Author: Michael Buckley
I wasn’t that big a fan of the first book in the Sisters Grimm series (about modern day descendants of the Brothers Grimm in a world where their stories were non-fiction), but I still like the concept and therefore I tried this second book. Unfortunately, it has similar flaws as the first one. For instance, the stories are very childish, clearly targeting a young audience, yet they’re filled with death and monsters and other gruesome imagery that I can’t imagine would be very appropriate for young children.
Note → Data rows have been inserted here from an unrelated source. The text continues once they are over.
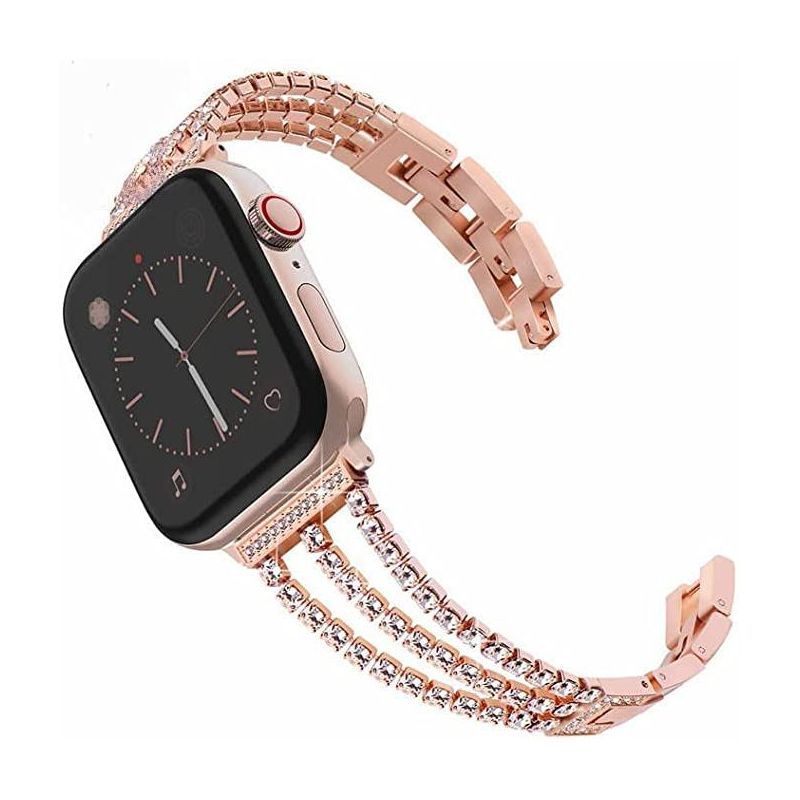 Worryfree Gadgets Metal Bling Jewelry Band for Apple Watch 38/40/41mm, 42/44/45mm iWatch Series 8 7 6 SE 5 4 3 2 1, 1 of 5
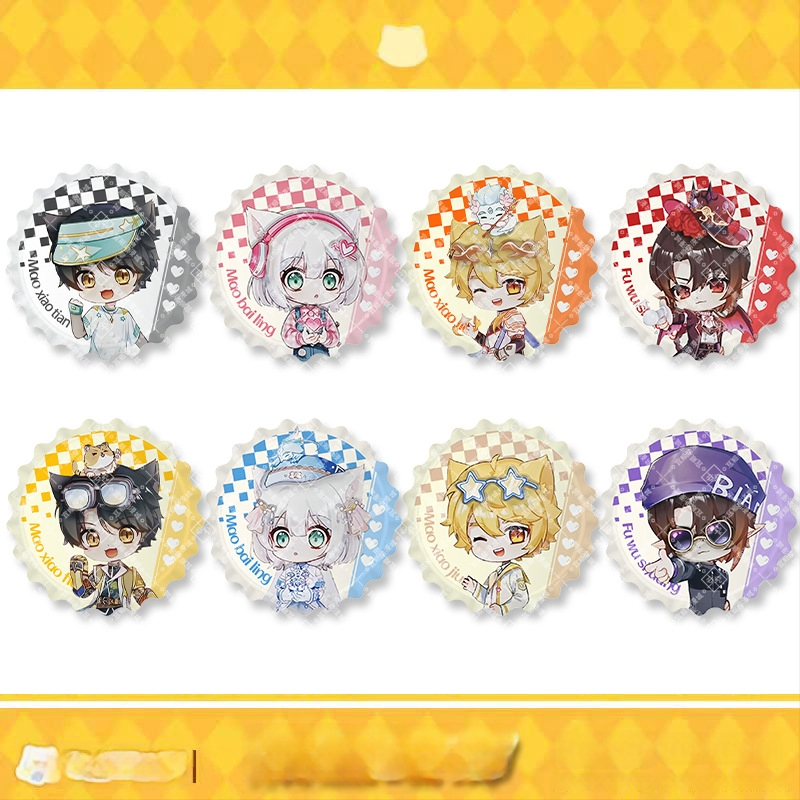 Σήμα γάτας σμάλτο – Mirror Series της Qimaojun: μοτίβα Xiaojiu, Xiaotian, Wushuang, Skylark, Bat; Μικτά υλικά; Συσκευασία PP σακούλα; Anime merchandise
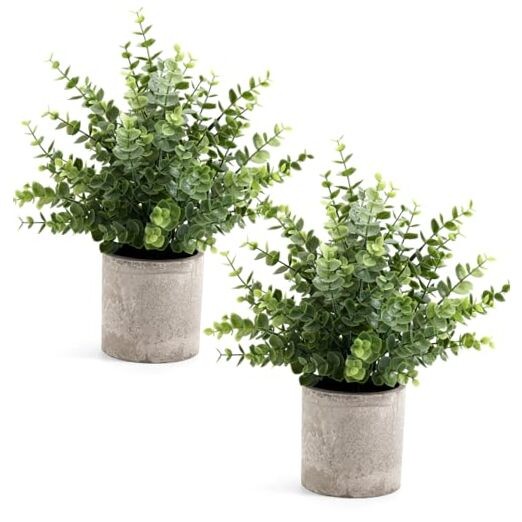 Pack Small Fake Plants 14″ Eucalyptus Potted Artificial 2 Sage Green-large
But I’ve narrowed down the chief flaw to the plots: they just don’t make much sense. Though supposedly the girls are fairy-tale “detectives” there can’t be much detecting, since the resolutions always involve strange magic requiring information we don’t have in advance (in other words, these aren’t like regular mystery books where the reader can solve the crime if clever enough). The first book had a weak plot and this one here has a strange one, one that’s really over-the-top and bizarre. (Without spoiling too much, it involves a character who can blow himself up like a nuclear bomb. Yeah, that makes sense.) Another frustrating aspect of these stories is that the main characters do very little to actual solve or resolve the situation. The girls stumble onto crimes (or the bad guy attacks them) and the ending involves another bad guy stopping the really bad guy — our heroines are pretty much useless.
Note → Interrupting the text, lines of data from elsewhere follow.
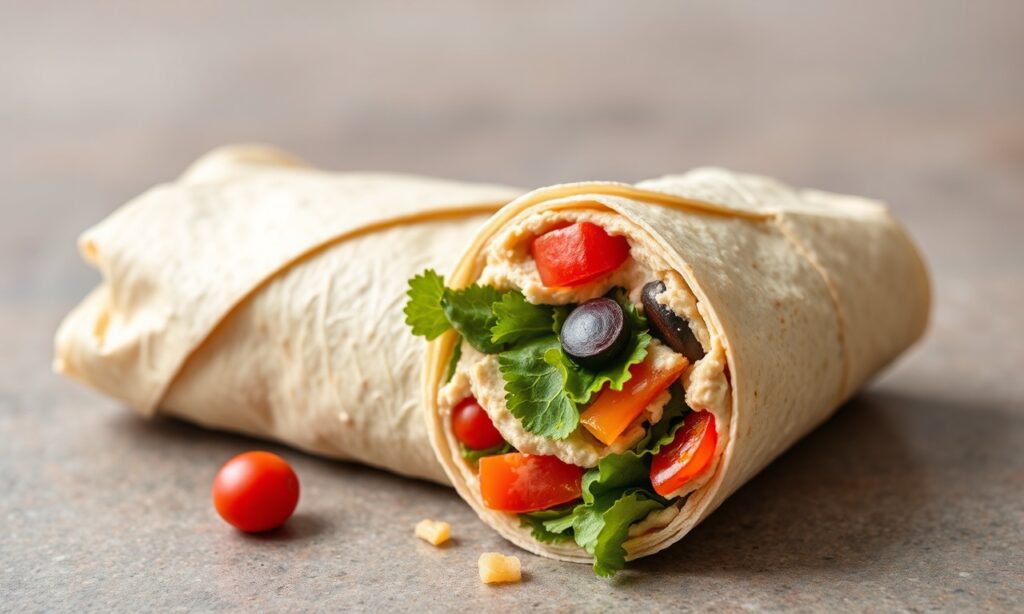Veggie wrap wellness with creamy hummus, a healthy and exciting meal.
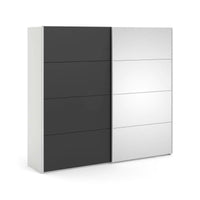 Guardaroba 2 ante Catalina, Mobile camera da letto, Cabina armadio portabiti, Armadio appendiabiti, 243x61 h220 cm, Bianco e Nero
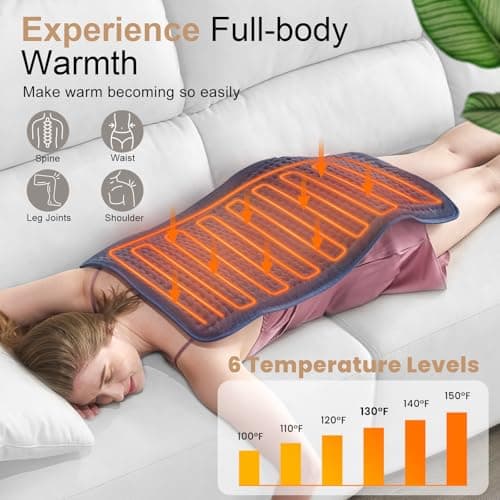 VAAGHANM Heating Pad: 33 x 17 inches Electric Heating Pad for Back -Extra Large Heat Pad for Shoulder/Neck/Knee/Arms - Upgraded 6 Timer & 6 Temperature Controller -Auto Shut Off- Gift for Mom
Speaking of the ending, this particular book really gets on my nerves by not actually having an ending. It almost literally stops in the middle of a sentence with a “to be continued” encouraging you to buy the next book. Arghh! While we sort of get the idea that the bad guy has been stopped, even that isn’t completely clear, and the story ends with a setup for the sequel.
None of this means the book is horrible — there are some good moments, wonderful characters, and real quality writing in places. The setting is brilliant and the way fairy tale creatures are blended throughout is genius. But I just wish there were better stories underlying these books. Instead we have a one-gimmick premise with feeble attempts to wrap a “mystery” around it.